*REQUIREMENT*
In the entries below, the lines from the one with "Damen gerippter V‑Ausschnitt" through the one with "91 fricking 1 | VEAGAN" are to be copied exactly; both ends count.

*DATA FOR THIS TASK*
————

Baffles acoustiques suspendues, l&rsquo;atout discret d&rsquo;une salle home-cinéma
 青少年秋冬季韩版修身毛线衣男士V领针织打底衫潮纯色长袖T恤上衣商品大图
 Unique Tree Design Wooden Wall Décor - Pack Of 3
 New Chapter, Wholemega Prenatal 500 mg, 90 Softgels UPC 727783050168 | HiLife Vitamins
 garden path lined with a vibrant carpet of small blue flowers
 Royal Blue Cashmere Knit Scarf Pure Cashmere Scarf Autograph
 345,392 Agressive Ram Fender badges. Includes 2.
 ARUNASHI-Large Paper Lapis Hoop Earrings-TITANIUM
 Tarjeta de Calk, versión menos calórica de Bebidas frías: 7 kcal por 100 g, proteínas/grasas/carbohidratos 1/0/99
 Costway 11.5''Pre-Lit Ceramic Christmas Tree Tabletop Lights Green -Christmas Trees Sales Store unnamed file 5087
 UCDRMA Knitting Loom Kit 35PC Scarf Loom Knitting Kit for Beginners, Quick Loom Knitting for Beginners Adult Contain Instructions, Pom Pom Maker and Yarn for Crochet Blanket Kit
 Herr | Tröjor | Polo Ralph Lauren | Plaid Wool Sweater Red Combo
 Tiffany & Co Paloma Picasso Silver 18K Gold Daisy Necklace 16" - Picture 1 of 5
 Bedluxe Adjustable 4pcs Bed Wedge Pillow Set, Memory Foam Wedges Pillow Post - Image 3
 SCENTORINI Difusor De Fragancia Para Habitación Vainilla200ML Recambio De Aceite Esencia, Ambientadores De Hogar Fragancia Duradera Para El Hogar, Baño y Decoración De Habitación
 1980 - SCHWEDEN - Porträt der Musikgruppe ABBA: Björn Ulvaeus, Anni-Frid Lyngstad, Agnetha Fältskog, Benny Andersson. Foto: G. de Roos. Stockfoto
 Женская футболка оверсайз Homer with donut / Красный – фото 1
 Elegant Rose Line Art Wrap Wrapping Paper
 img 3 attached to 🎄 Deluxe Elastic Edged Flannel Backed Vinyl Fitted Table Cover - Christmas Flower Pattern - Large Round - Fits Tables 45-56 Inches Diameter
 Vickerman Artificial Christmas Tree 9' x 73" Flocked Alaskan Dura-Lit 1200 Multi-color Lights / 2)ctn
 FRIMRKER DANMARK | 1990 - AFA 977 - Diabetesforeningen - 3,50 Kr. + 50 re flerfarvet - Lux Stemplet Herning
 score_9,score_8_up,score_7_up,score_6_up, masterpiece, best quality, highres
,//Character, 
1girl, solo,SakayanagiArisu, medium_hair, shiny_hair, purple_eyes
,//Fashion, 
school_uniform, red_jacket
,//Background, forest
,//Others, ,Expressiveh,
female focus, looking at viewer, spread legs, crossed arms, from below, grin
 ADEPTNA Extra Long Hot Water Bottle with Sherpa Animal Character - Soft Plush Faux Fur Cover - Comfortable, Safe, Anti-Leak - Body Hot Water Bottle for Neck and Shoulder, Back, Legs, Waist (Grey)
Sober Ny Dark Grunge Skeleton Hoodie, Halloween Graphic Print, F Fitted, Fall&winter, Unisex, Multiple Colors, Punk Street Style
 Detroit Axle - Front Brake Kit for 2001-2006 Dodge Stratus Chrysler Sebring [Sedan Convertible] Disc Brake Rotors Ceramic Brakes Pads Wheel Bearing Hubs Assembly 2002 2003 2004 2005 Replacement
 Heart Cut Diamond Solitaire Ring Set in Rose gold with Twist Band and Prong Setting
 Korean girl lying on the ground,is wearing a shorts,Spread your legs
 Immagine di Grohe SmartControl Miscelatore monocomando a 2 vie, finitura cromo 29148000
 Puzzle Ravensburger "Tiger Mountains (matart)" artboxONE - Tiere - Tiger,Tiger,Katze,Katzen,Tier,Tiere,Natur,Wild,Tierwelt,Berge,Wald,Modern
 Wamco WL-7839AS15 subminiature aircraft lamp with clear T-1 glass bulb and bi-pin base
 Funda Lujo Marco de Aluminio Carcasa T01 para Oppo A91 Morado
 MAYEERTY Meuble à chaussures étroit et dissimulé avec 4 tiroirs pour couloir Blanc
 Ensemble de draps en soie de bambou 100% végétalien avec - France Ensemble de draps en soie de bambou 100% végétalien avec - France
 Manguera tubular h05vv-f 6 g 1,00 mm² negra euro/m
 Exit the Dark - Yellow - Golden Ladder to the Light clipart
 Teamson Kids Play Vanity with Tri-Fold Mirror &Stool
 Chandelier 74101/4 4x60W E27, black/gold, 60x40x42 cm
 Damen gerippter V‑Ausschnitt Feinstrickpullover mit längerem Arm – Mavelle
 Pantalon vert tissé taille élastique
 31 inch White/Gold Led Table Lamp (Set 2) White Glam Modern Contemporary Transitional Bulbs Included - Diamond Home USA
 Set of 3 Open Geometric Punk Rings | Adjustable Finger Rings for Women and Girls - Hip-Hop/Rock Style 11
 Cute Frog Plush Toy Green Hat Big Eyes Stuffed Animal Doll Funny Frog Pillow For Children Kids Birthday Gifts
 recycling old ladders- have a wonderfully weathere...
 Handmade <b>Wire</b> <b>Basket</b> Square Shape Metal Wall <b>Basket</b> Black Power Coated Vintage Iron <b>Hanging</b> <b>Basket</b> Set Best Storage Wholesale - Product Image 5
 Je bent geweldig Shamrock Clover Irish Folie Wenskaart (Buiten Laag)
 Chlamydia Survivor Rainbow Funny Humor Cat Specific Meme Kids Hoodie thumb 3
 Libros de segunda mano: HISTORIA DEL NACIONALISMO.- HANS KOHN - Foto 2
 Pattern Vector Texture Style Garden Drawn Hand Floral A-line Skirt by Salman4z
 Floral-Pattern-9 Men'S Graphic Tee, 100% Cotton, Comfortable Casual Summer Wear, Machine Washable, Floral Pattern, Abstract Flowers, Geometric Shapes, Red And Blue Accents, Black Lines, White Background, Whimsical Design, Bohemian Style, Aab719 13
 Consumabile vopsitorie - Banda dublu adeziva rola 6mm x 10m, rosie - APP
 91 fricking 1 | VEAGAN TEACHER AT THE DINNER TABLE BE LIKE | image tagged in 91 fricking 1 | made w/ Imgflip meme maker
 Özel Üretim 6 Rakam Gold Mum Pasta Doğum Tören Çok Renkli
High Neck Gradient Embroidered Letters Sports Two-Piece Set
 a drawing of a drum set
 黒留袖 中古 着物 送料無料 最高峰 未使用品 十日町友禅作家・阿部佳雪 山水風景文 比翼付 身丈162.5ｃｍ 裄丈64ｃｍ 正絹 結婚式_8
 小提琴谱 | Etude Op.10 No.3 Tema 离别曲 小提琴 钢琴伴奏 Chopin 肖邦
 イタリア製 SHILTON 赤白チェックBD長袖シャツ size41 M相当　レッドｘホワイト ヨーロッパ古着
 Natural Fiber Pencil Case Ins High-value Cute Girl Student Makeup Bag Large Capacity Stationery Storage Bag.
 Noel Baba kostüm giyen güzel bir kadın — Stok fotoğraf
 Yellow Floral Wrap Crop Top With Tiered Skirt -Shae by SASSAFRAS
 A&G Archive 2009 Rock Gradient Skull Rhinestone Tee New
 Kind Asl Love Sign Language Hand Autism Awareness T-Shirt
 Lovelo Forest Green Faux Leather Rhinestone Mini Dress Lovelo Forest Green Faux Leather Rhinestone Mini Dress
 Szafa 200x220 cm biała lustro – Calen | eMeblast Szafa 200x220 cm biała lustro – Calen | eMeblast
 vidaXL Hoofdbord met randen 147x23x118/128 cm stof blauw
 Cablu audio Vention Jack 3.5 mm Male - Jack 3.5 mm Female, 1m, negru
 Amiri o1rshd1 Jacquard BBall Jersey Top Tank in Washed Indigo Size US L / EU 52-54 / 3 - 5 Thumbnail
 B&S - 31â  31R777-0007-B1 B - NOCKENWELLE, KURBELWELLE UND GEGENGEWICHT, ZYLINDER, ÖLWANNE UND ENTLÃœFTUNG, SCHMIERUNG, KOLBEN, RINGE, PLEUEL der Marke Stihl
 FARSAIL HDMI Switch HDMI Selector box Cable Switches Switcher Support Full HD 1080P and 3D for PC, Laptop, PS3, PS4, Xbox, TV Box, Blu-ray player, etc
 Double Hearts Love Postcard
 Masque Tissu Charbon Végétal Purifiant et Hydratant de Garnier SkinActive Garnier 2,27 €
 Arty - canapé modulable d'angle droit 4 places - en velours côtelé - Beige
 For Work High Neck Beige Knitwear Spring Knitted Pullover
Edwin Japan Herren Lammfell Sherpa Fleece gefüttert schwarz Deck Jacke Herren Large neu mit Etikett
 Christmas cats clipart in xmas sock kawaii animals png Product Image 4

————

*ANSWER BOX*
 Damen gerippter V‑Ausschnitt Feinstrickpullover mit längerem Arm – Mavelle
 Pantalon vert tissé taille élastique
 31 inch White/Gold Led Table Lamp (Set 2) White Glam Modern Contemporary Transitional Bulbs Included - Diamond Home USA
 Set of 3 Open Geometric Punk Rings | Adjustable Finger Rings for Women and Girls - Hip-Hop/Rock Style 11
 Cute Frog Plush Toy Green Hat Big Eyes Stuffed Animal Doll Funny Frog Pillow For Children Kids Birthday Gifts
 recycling old ladders- have a wonderfully weathere...
 Handmade <b>Wire</b> <b>Basket</b> Square Shape Metal Wall <b>Basket</b> Black Power Coated Vintage Iron <b>Hanging</b> <b>Basket</b> Set Best Storage Wholesale - Product Image 5
 Je bent geweldig Shamrock Clover Irish Folie Wenskaart (Buiten Laag)
 Chlamydia Survivor Rainbow Funny Humor Cat Specific Meme Kids Hoodie thumb 3
 Libros de segunda mano: HISTORIA DEL NACIONALISMO.- HANS KOHN - Foto 2
 Pattern Vector Texture Style Garden Drawn Hand Floral A-line Skirt by Salman4z
 Floral-Pattern-9 Men'S Graphic Tee, 100% Cotton, Comfortable Casual Summer Wear, Machine Washable, Floral Pattern, Abstract Flowers, Geometric Shapes, Red And Blue Accents, Black Lines, White Background, Whimsical Design, Bohemian Style, Aab719 13
 Consumabile vopsitorie - Banda dublu adeziva rola 6mm x 10m, rosie - APP
 91 fricking 1 | VEAGAN TEACHER AT THE DINNER TABLE BE LIKE | image tagged in 91 fricking 1 | made w/ Imgflip meme maker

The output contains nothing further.